Sebuah kaidah fiqih (al-qawā’id al-fiqhiyyah) menyebutkan bahwa :

اَلْوَسِيْلَةُ إلىَ الْحَراَمِ حَرَامٌ

“Segala macam perantaraan/jalan (al-wasilah) kepada yang haram, hukumnya haram.” (Abu ‘Abdirrahman bin Majid Al-Jaza`iri, Al-Qawā’id Al-Fiqhiyyah Al-Mustakhrajah min I’lām Al-Muwaqqi’īn, hlm. 502).

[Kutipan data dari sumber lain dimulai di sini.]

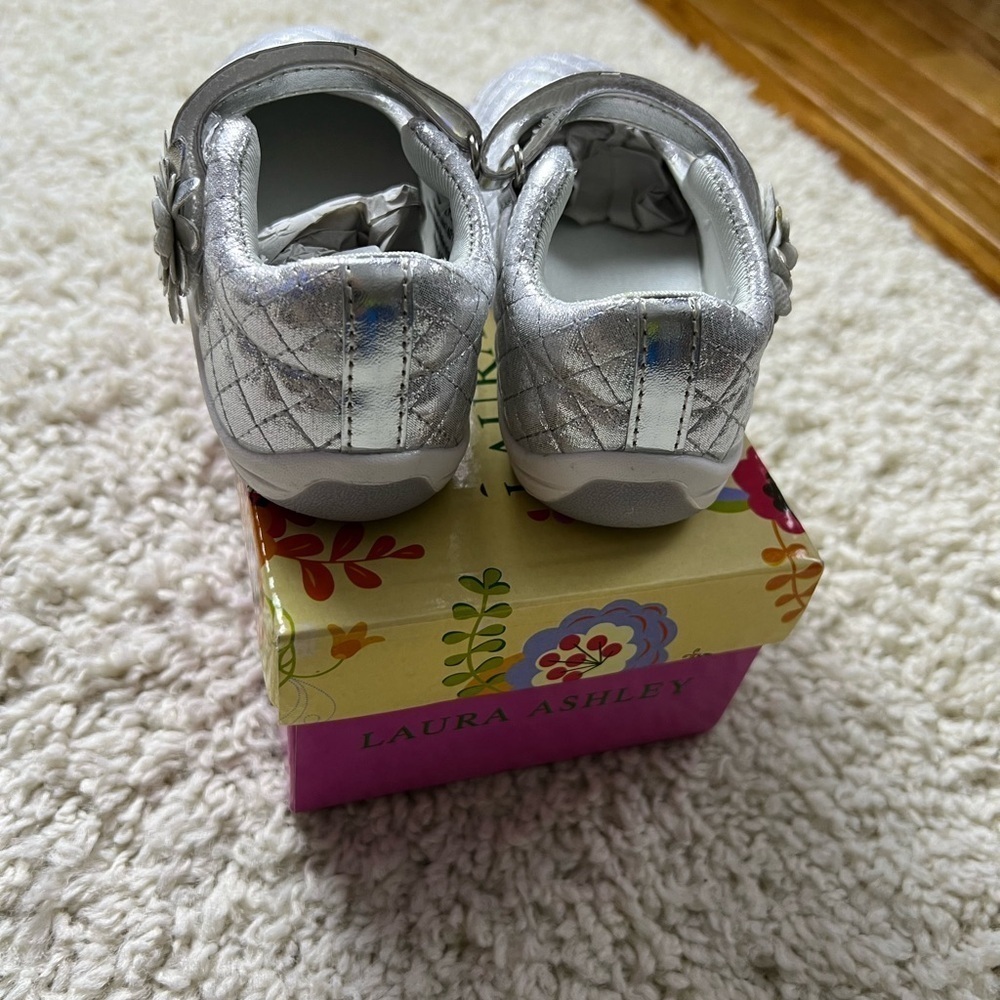 Kids 7 Laura Ashley Silver Quilted Shoes NEW - Picture 7 of 8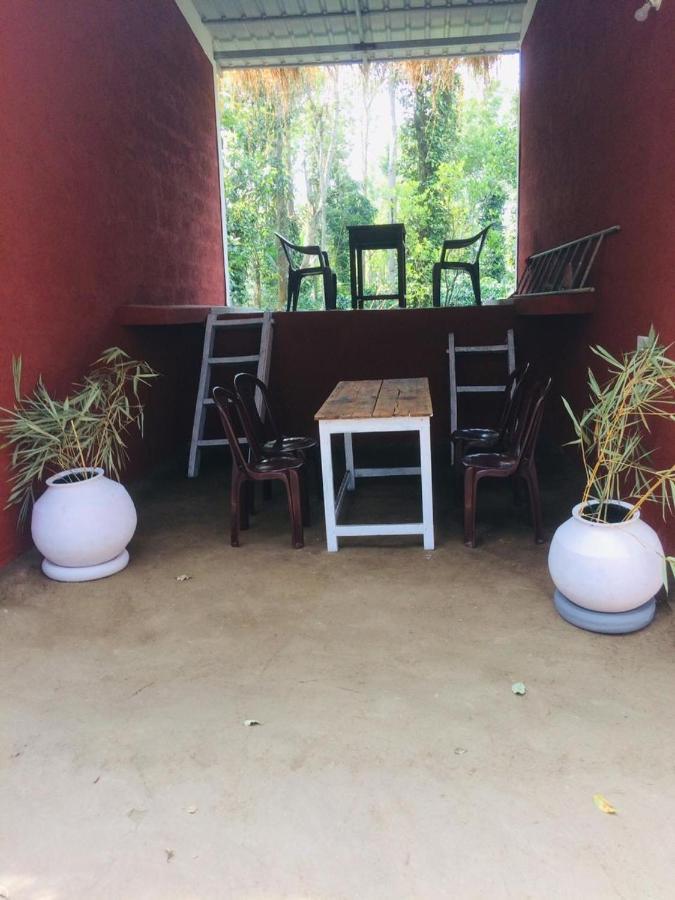 Kaikane Homestay มาดิเครี ภายนอก รูปภาพ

Jadi, PP 28/2024 tersebut, khususnya pada pasal-pasal yang diduga kuat menyangkut legalisasi zina, haram untuk dilaksanakan. Hal ini karena PP tersebut berarti sudah menjadi sarana/jalan (al-wasīlah) yang patut diduga kuat mengarah pada legalisasi zina di kalangan anak usia sekolah dan remaja. Padahal zina itu sudah tegas dan jelas diharamkan secara qath’i (pasti/tegas) dalam agama Islam, sesuai firman Allah SWT :

وَلَا تَقْرَبُوا الزِّنٰىٓ اِنَّهٗ كَانَ فَاحِشَةًۗ وَسَاۤءَ سَبِيْلًا

“Janganlah kamu mendekati zina. Sesungguhnya (zina) itu adalah perbuatan yang keji dan jalan yang terburuk.” (QS Al-Isrā` : 32). Wallāhu a’lam.

Ya Allah, kami sudah menyampaikan, saksikanlah.